I guess I just want to say that we're all entitled to our opinions, and don't be dick about defending your favorite things. Also, as whoever wrote that song said, "it's okay to not like things but don't be a dick about it," which really are quite good words to live by.

Anyways, I've 4/5 more of this story to read (suffer through? That may be premature; it's got 58 more pages to capture my attention), so laters!

Sunday, August 21, 2011

what I want to be

If I was normal...* I would be entering my last year of high school next month. It would mean a lot of things that, because of my situation, it doesn't, but most relevant to me is that at some point a few people want to know what I'm doing next year (and for the rest of my life), nosy buggers.

For all of this year, I didn't know, and I'd say that. I guess I had a bit of an idea (that idea being more of the same) but nothing concrete. This summer, it's been slowly coming together.

So here is the great unveiling, my friends, not that it's really been a secret up until now. Actually, this may be a little anticlimactic because, well, I want to do a bit of everything.

I can see this future conversation taking place between myself and, say, a friend's parent who doesn't REALLY care but feels as if they should ask the question all the same.

Ambiguous grown-up: So Alex, what are you planning on doing next year?
Alex: Well, I'm not getting super focused on any one thing. I'm looking into becoming a bike mechanic and I'm still working on my most recent novel, of course. I'm volunteering in a non-profit coffeeshop, if they ever call me back and in the community wherever I'm needed. I keep trying to learn more about vegetable gardening. Oh and I'll probably still be a part time grocery clerk. Also: TRAVEL!!!
AGU: You're not going to be at school?
Alex: Meh, I don't know. Could happen eventually.

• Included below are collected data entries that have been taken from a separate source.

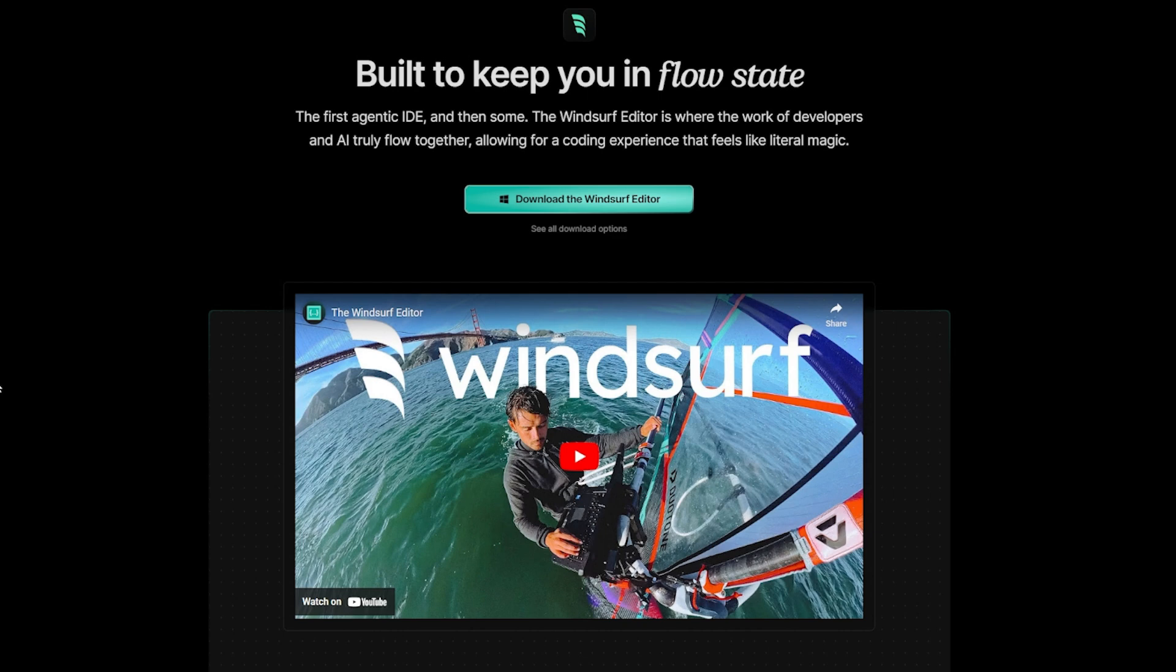Thank you for watching and see you in the next video, where I'm going to talk about the WindSurf editor. A new editor that's competing with Cursor from Codium. See you later, alligators.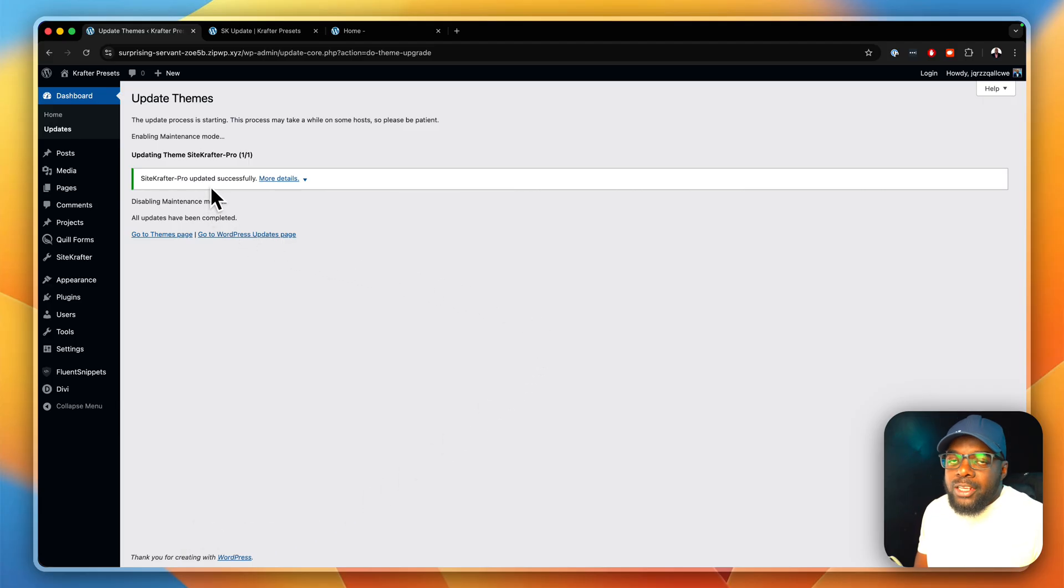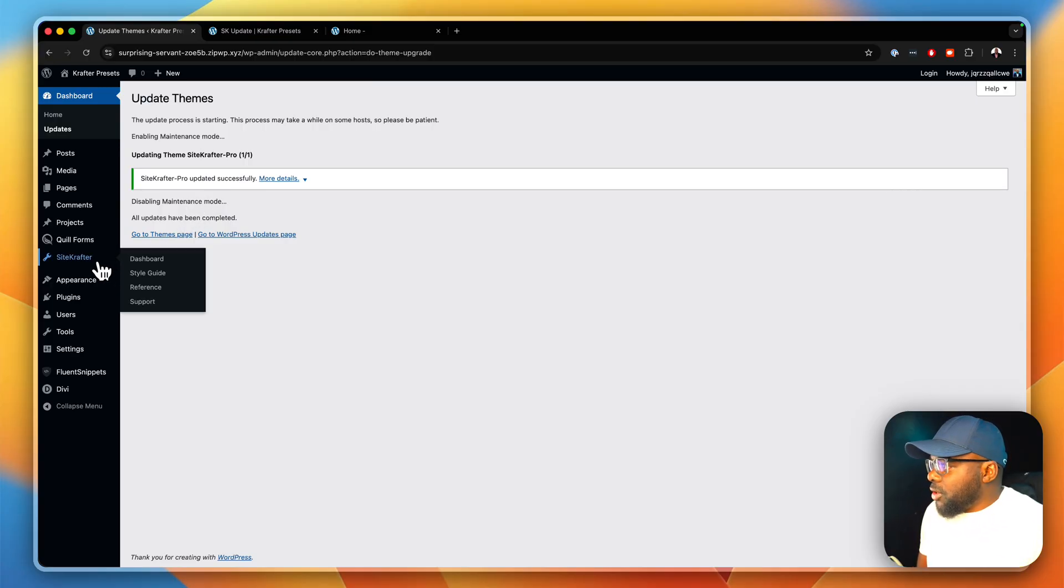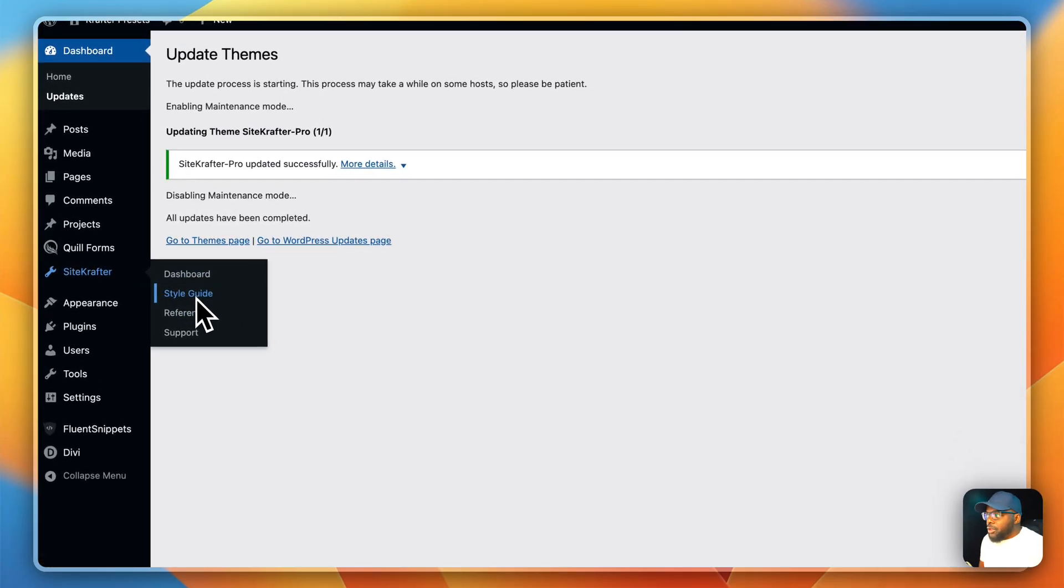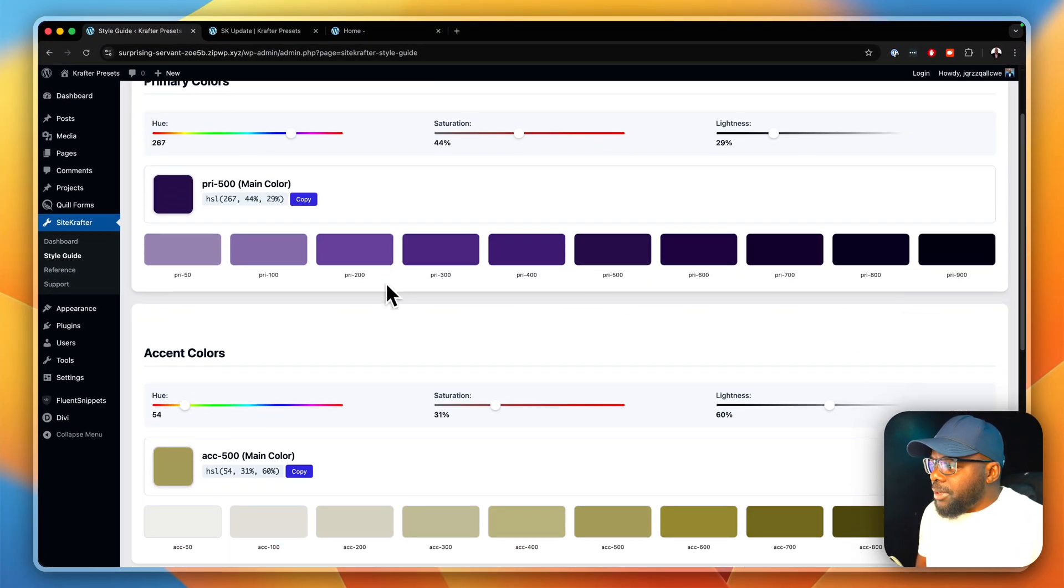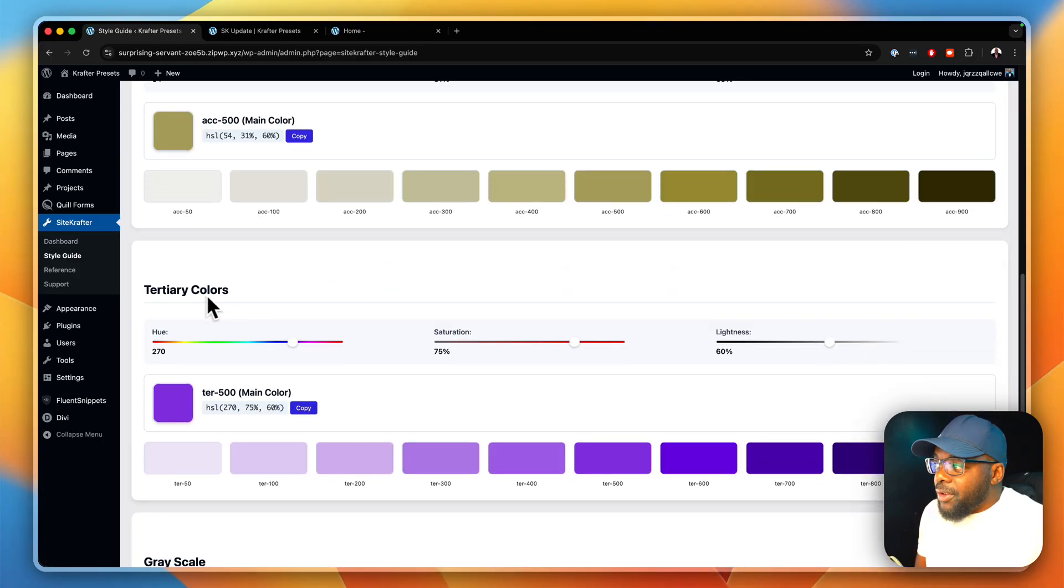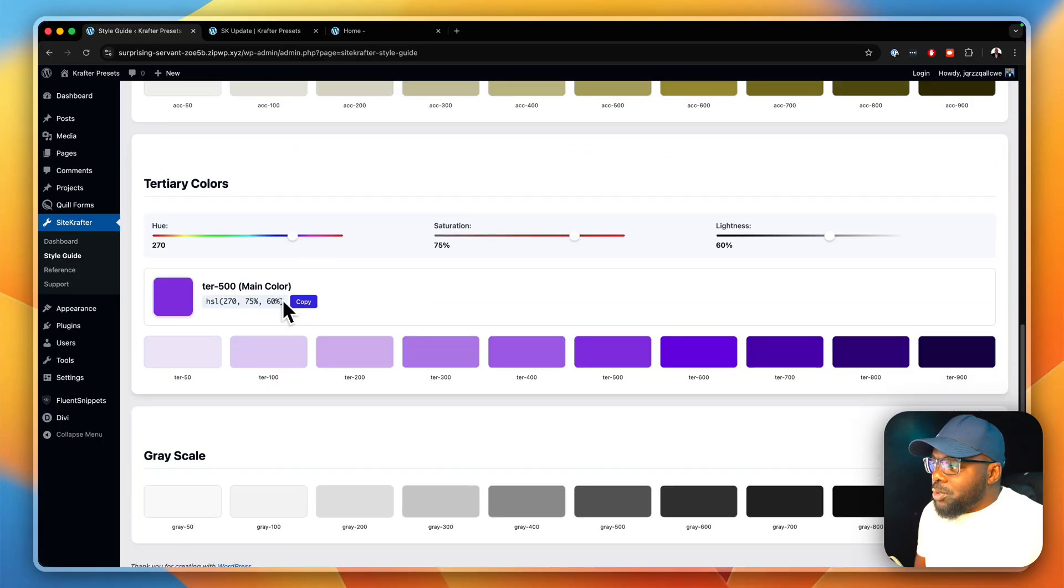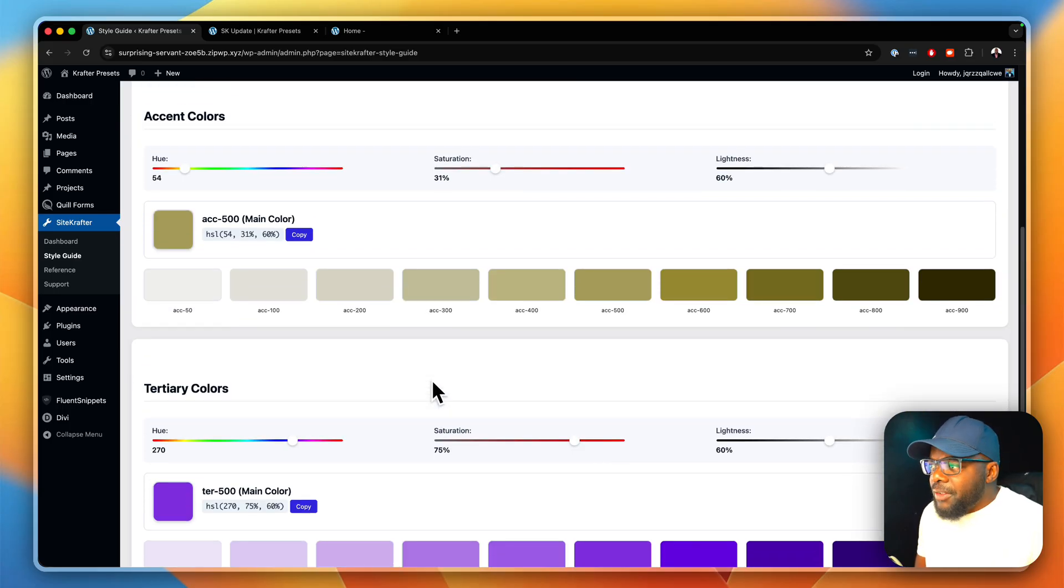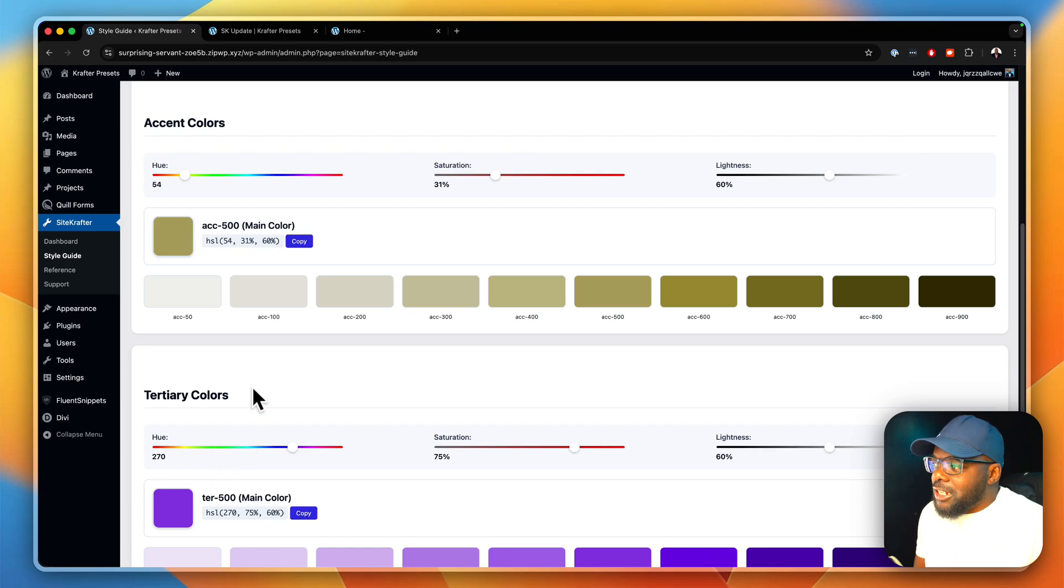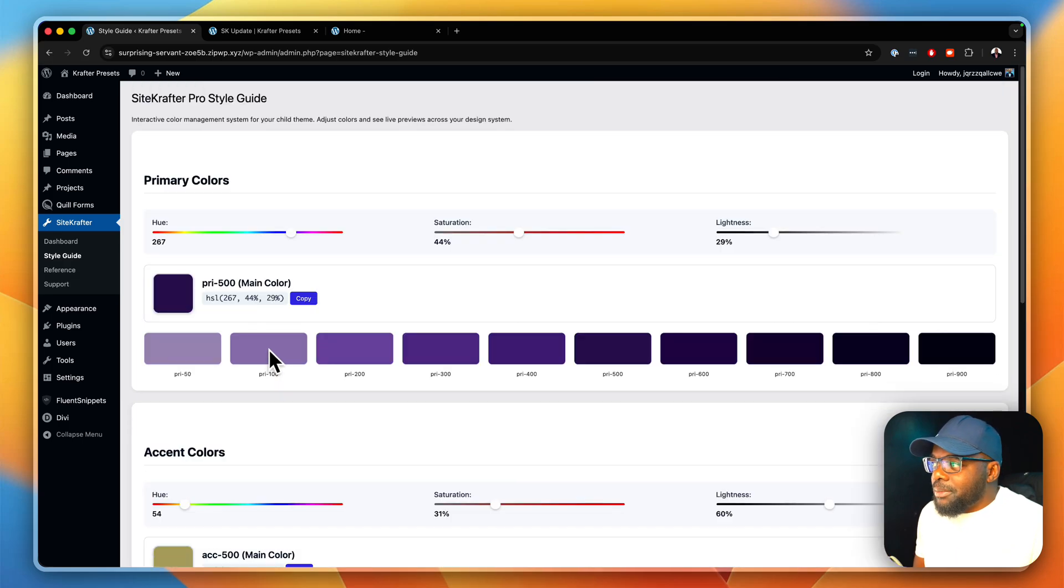The first place you need to check out for your first feature is right here. You go to Sitecrafter and then you go to style guide. You're going to notice that we have updated the colors and we've added the tertiary colors. This was a feature which was requested for quite a while now, but I'm very excited to say that this has been added and it's also been updated to the autocomplete system.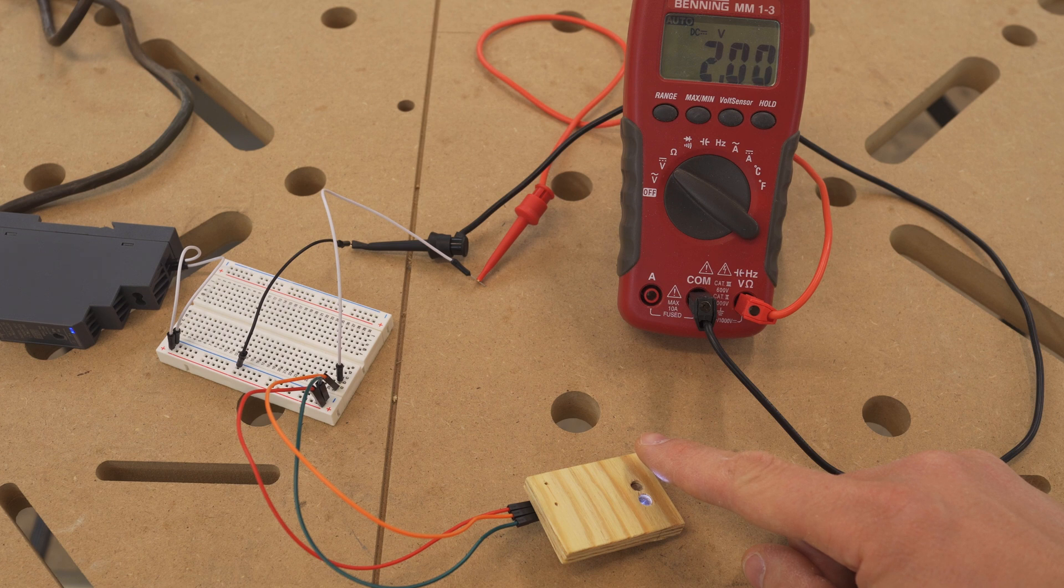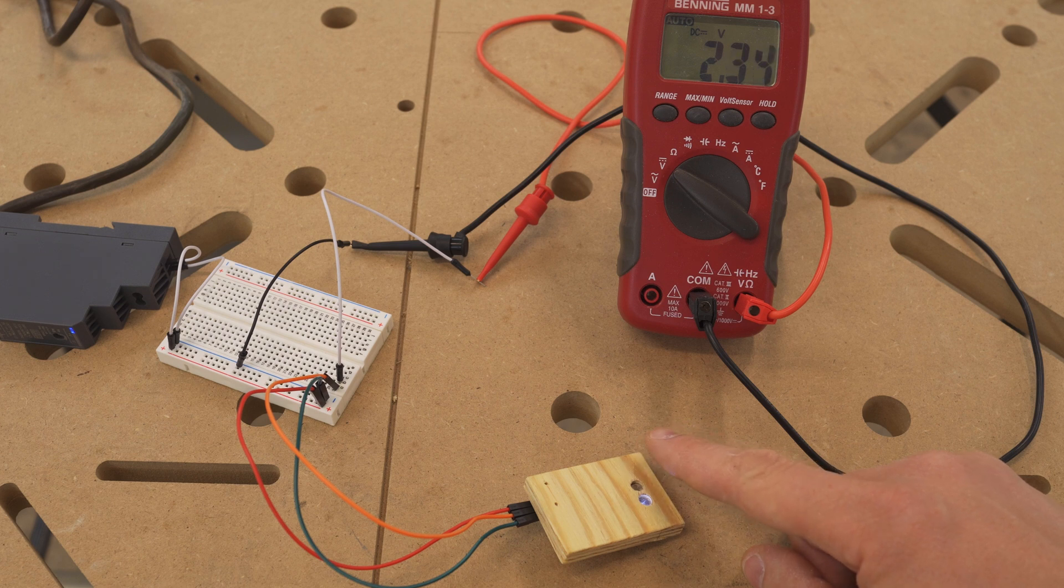As you can see the voltage reacts promptly to the amount of light falling onto the photoresistor.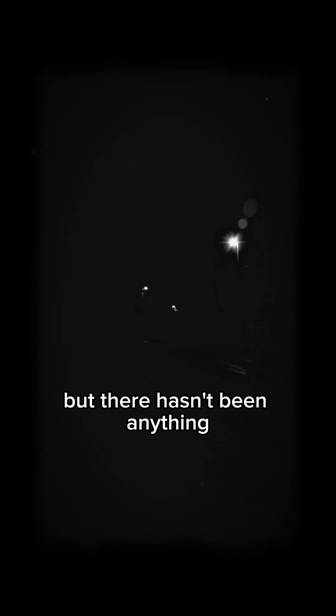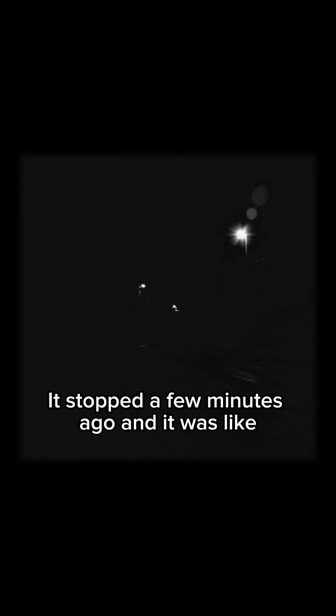I tried to follow the sounds, find whatever was making them, but there hasn't been anything. And then the music stopped a few minutes ago.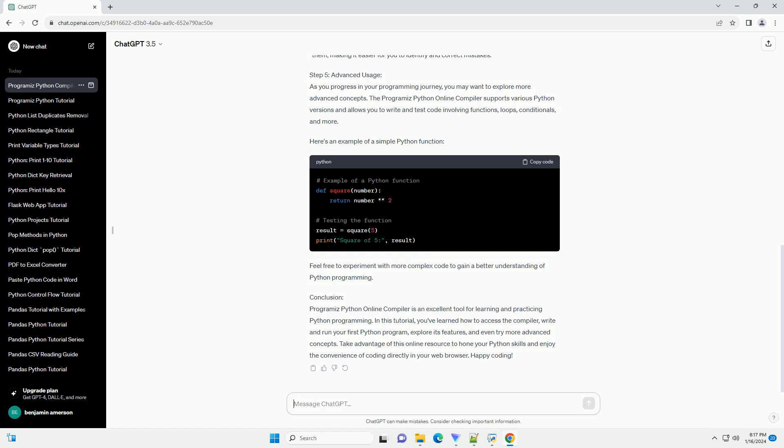Conclusion: Programiz Python Online Compiler is an excellent tool for learning and practicing Python programming. In this tutorial, you've learned how to access the compiler, write and run your first Python program, and explore its features.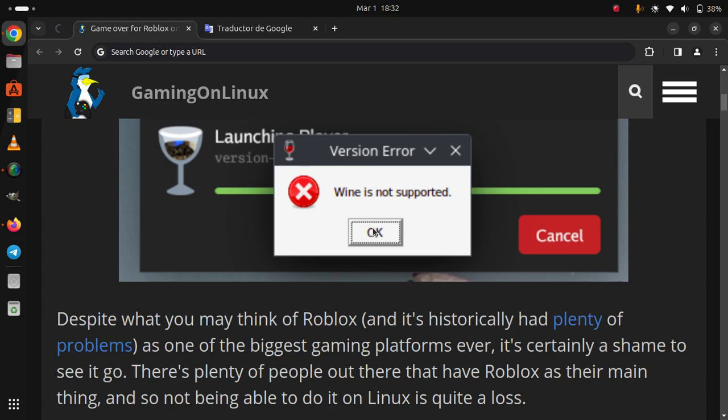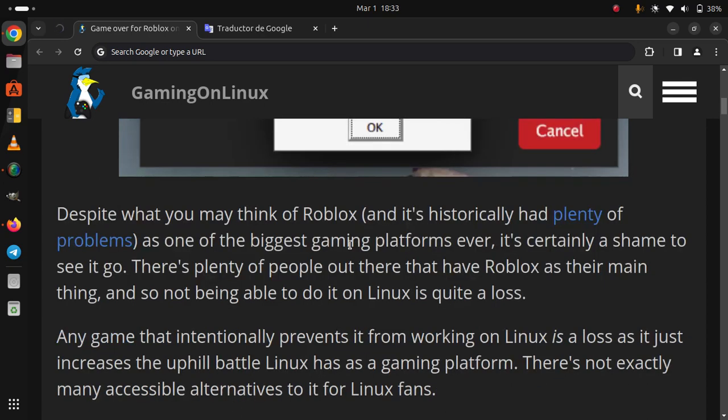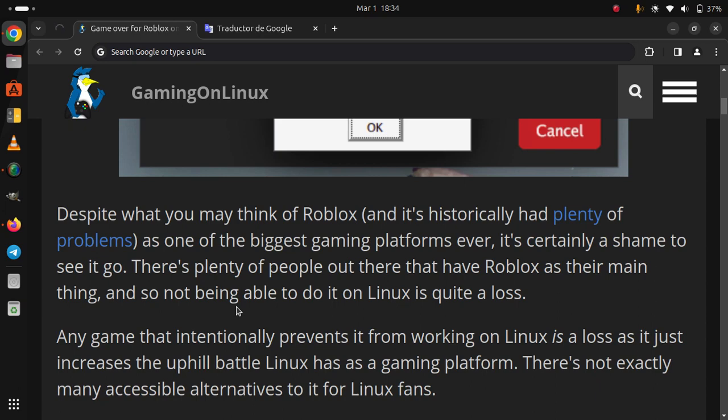There's plenty of people out there that have Roblox as their main thing, and so not being able to do it on Linux is quite a loss. Any game that intentionally prevents it from working on Linux is a loss, as it just increases the uphill battle Linux has as a gaming platform. There's not exactly many accessible alternatives to it for Linux fans.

It might be cool to take an ESL teaching certificate or maybe do the library technician program. We'll see how the rest of it goes.

There you go. Those are my plans for this year: 1.Bicycle mechanics, 2. Novel writing, 3. Travel.

More of the same, really.

*hehehe. That could literally go ANYWHERE.

Saturday, August 20, 2011

Don't console me. I'm not fishing for compliments, I swear.

I only signed up for Creative Writing because I didn't want to take any sort of painting or drawing class. I burn myself and everything I touch when cooking. Study hall doesn't earn me any graduation credit. I don't aspire to be a mechanic or an engineer. So I chose Creative Writing.

I realize I should be grateful that my upper-middle-class high school even offers all these classes, but I'm starting to regret my choice. I've always fancied myself a writer, and I don't want to shatter that illusion. Fiction I can do half-well, and I've been conditioned to write complex critical and persuasive essays. But the first unit is creative nonfiction, and I'm scared. Scared I'm going to have to reveal how dull my life really is, how I haven't sucked the marrow out of life enough to have any stories worth retelling (I'm too young and too timid), scared that even if I find a suitable topic, my writing will be horrible.

Yes, I've seen this video. But I feel that's really more about writing fiction (that time will come, I will then have similar anxiety. . .). What in hell am I supposed to write about when we were prompted to write 13 short pieces on 13 experiences that were extremely happy, sad, frightening, difficult? Newsflash: This is my life. I spend it in my room, listening to music, reading, and writing. Not writing writing much, either. Writing blogs and tumblr posts. Having an elaborate typed conversation with the inside of my computer to keep my mental health in check. Making half assed passes at my novel. I'm not good at finishing things. (Theoretically, these should ultimately be helping me to improve my craft. But this class is different. Someone is going to have to see this, read it, judge it. Do not want. In the passages I submit, I can't swear or reference memes or use excessive parentheses or just let sentences trail off. Do not want.)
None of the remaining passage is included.